Puntini sulle i anche rispetto ai controlli, che il “Comitato no discarica” ha “bollato” come «esclusivamente di tipo quantitativo e su carta». «I controlli ci sono e saranno di vario tipo – ribadisce l’amministrazione -. I materiali saranno controllati chimicamente e incrociati con i vari documenti di trasporto e fiscali. In più l’operatore avrà delle prescrizioni di monitoraggio che saranno verificate dal nostro geologo che potrà accedere in loco ed ai documenti per fare ulteriori controlli. Chiunque, compreso il Comune, avrà poi l’ulteriore facoltà di richiedere ad Arpa di controllare l’avvenuto monitoraggio e la regolarità dell’intera procedura. In definitiva questi materiali, come stabilisce la legge, dovranno essere controllati in origine e monitorati in loco per tutta la durata del riempimento e per i due anni dopo il termine delle attività. Da ultimo nella convenzione abbiamo aggiunto un articolo specifico per punire ulteriormente l’operatore, se dovessero manifestarsi situazioni di non conformità “dolosa” o “colposa”. Una norma unica nel suo genere».

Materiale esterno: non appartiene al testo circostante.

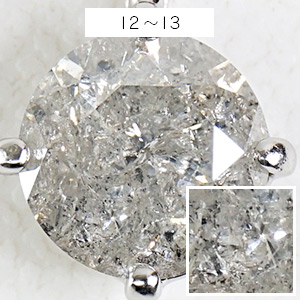I2〜I3クラスのダイヤモンド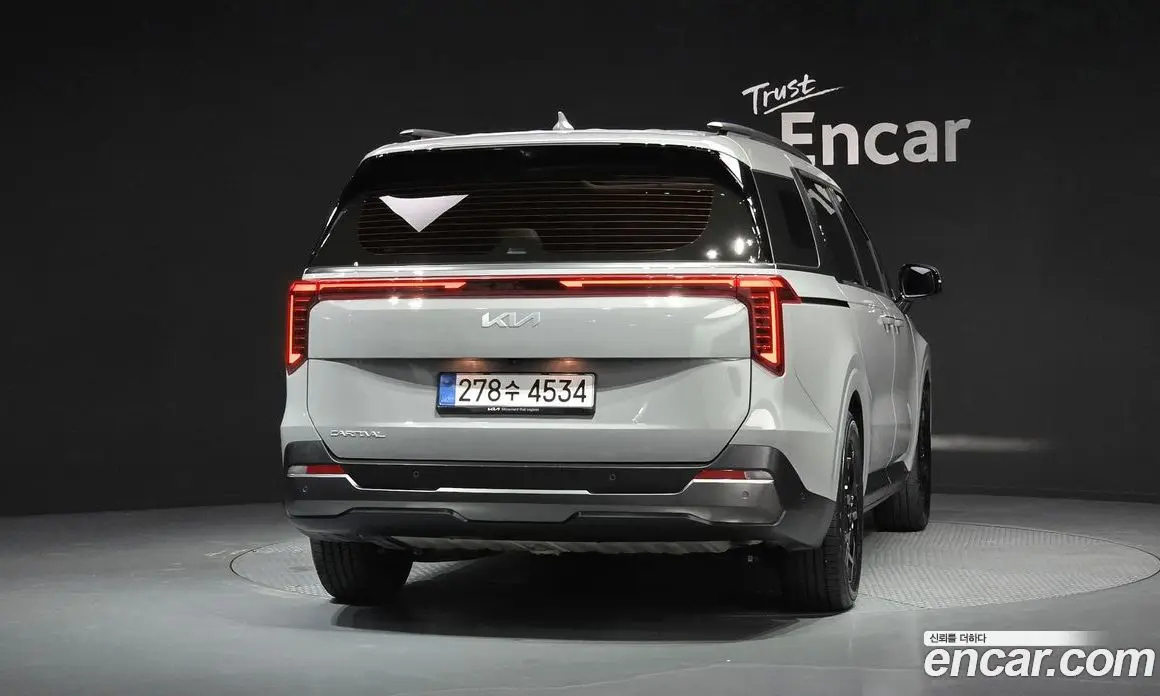 Kia Carnival 2025 2.2 автомат (гидро), фото 4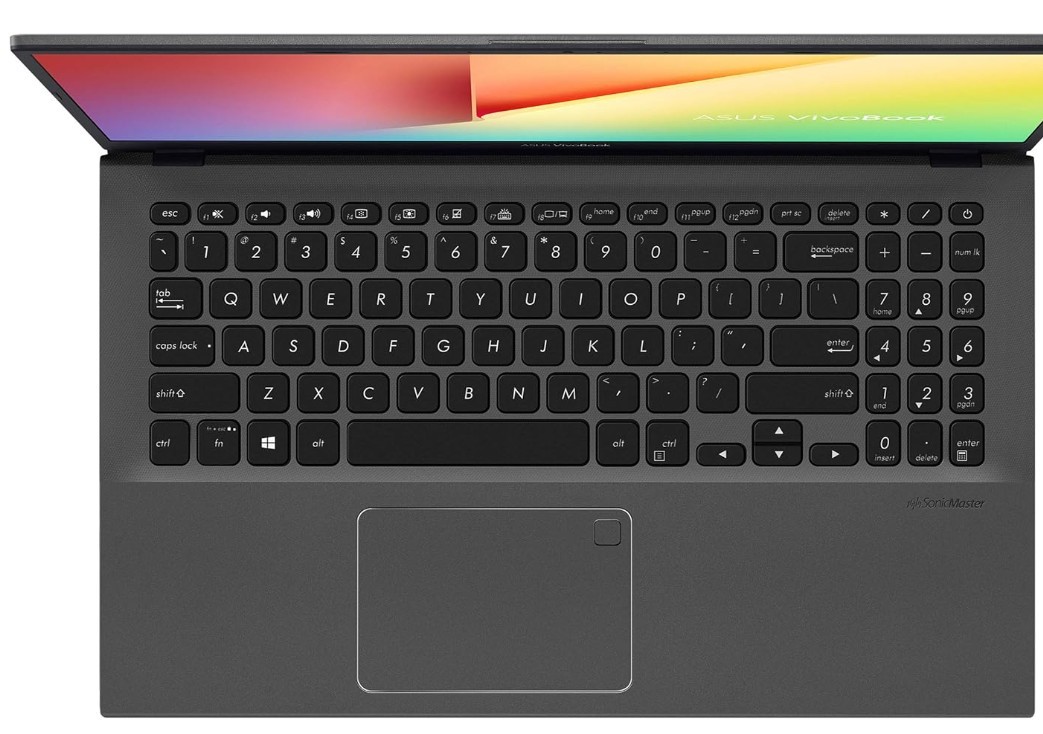 ASUS VivoBook F512DA-DB34 15 inch (128GB, AMD Ryzen 3, 3.50GHz, 8GB)…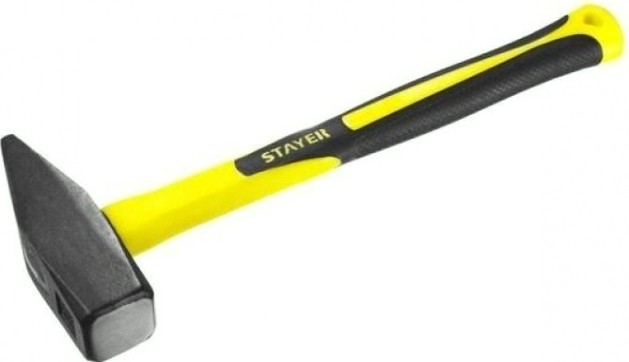 Молоток слесарный STAYER Fiberglass 2000 гр. 20050-20 [20050-20_z01]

«L’esperienza maturata nelle battaglie giudiziarie di questi anni – concludono da Palazzo Dell’Acqua, dopo aver incassato nei giorni scorsi anche il “no” al progettodella maggioranza al governo di Rescaldina -, la capacità dei nostri consulenti, la valutazione del costo opportunità di medio e lungo periodo ci ha spinto ad agire come fatto, nell’attesa che Città metropolitana si pronunci sull’autorizzazione. Per tutte queste ragioni chiediamo con forza di non sprecare le forze per dividerci, ma rinnoviamo la proposta al Comitato di incontrarci, per capire le opinioni reciproche al fine di stare uniti, perché questo argomento non ha colori politici ma un unico scopo: non rischiare di avere un’altra discarica, che il comitato allora e anche questa amministrazione, negli scorsi mesi, hanno combattuto».